According to Werner, each machine requires specific, yet relatively simple, adjustments for changeover. “The changeover on our pouch machines for the different counts is the flip of a switch,” he says. “The carton former has four major change parts for each carton size and a couple of hand-crank adjustments for carton-width changes. The conveyor system requires guide-rail setting changes for each carton.”

Sweet success is anticipated

Combining the three-up carton former, the three high-speed pouching machines, and the redesigned carton closer, Cloud’s new packaging line is on its way to meeting Cargill’s 2008 production goals, producing 3,000 pouches/min (1,000 pouches/min/lane). But if Cargill’s predictions for the growth of its new, natural sweetener are on target, Cloud will have a need for even greater speed in the year to come.

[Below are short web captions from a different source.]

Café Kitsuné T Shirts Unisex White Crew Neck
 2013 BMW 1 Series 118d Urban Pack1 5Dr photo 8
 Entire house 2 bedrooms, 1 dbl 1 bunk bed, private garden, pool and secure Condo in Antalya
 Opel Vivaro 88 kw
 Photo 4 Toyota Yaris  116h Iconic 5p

“Cloud is continuing to work with Cargill to determine how this existing line, coupled with a new Cloud Performa™ SP pouch maker, can meet their longer-term demand, once the product takes off in 2009 and beyond,” relates Werner. “The new machine will be capable of producing up to 4,000 pouches per minute.”

After Truvia’s initial launch last July in select supermarkets in New York City, it is now available in retail stores nationwide, with a “very positive reaction so far,” according to Tucker. So hopes run high that the success of Truvia will be sweet indeed.